Essay
Why Attention Is Farmed to Keep You from the Void
Attention is not only captured for profit. It is captured to keep the threshold of self-recognition from becoming available.
The modern system does not only capture your attention because attention can be sold. It captures it because attention, if left alone long enough, starts to reveal something.
A more concrete version of this argument appears in Why Your Music Knows What You Want Before You Do, which shows how recommendation systems and emotional regulation loops work in one familiar domain before this essay widens the frame. A complementary argument appears in Feeds Do Not Control Your Will, but the Atmosphere in Which It Chooses, which focuses less on the Void itself and more on the emotional and perceptual climate in which choice becomes narrower or wider.
It reveals the Void.
Fractalism names the Void as the threshold just before a familiar pattern fully takes over. It is not blankness, dissociation, or mere silence. It is the brief moment where the loop has not yet committed, where more than one response is still available, where a person can sometimes see the loop as a loop before becoming its instrument.
That moment matters far beyond the inner life of one person. It matters socially, politically, and economically. A person who reaches the Void becomes harder to manage because they become more able to recognize what is moving through them while it is still moving.
Attention capture is not only economic
The obvious explanation for attention farming is profit. Platforms want to keep people watching, scrolling, clicking, listening, and returning because attention can be turned into advertising revenue, behavioral data, and predictive power.
That explanation is true, but incomplete.
If attention were only valuable as a commodity, then the system would merely need to keep it occupied. But many of the technologies of capture do more than occupy. They fragment. They accelerate. They flood the person with enough stimulation that the threshold of real noticing never opens for long.
This is not because there is necessarily one mind behind it all with a theory of the Void. It is because environments that reduce reflective interruption tend to produce more predictability, more retention, and more extractable behavior, so they are selected for. The Void appears when stimulation drops enough for a pattern to become visible. The feed interrupts that. The autoplay interrupts that. The notification interrupts that. The playlist that continues without your choosing interrupts that.
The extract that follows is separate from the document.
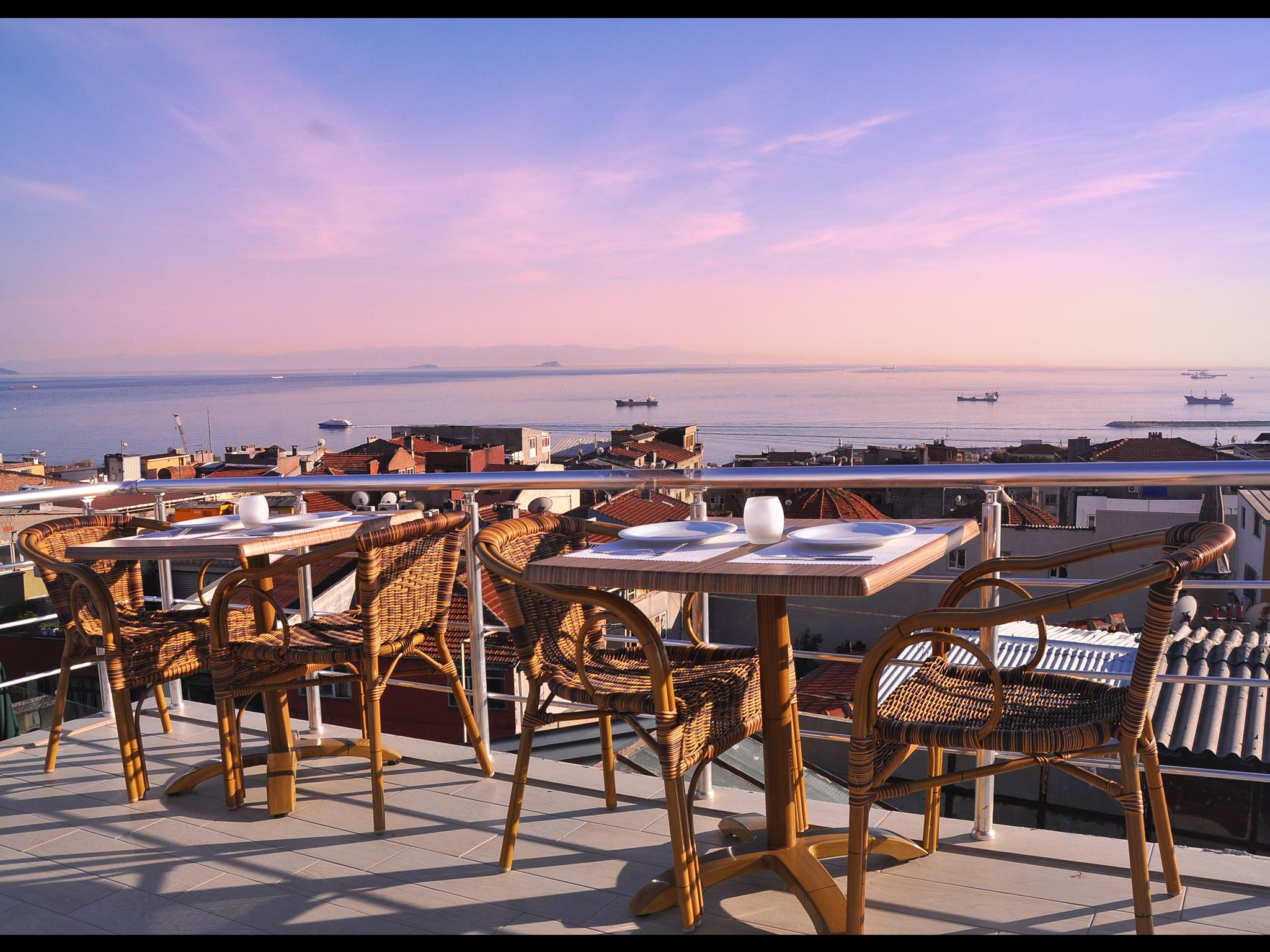 Divani Ali 4* Istanbul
The whole environment is optimized to make the transition from one input to the next so seamless that you never quite arrive in the gap between them.
That gap matters because it is where recognition begins.
What the Void threatens
When a person reaches the Void, several things become possible at once.
They may notice that they do not actually want the thing they are reaching for.
They may notice that the craving is older than the object that seems to satisfy it.
They may notice that they are being guided by a pattern rather than making a choice.
They may notice that the atmosphere around them, the speed, the pressure, the tone of the system, is shaping them in ways they had not consented to.
All of this weakens control.
The modern attention economy does not only need you engaged. It rewards keeping you pre-reflective. It rewards moving you from prompt to prompt before self-recognition stabilizes. The moment a person becomes able to see the loop as a loop, the extraction process is no longer invisible.
That is why the Void matters politically. It is not only where greater freedom becomes possible within causality. It is where management becomes visible.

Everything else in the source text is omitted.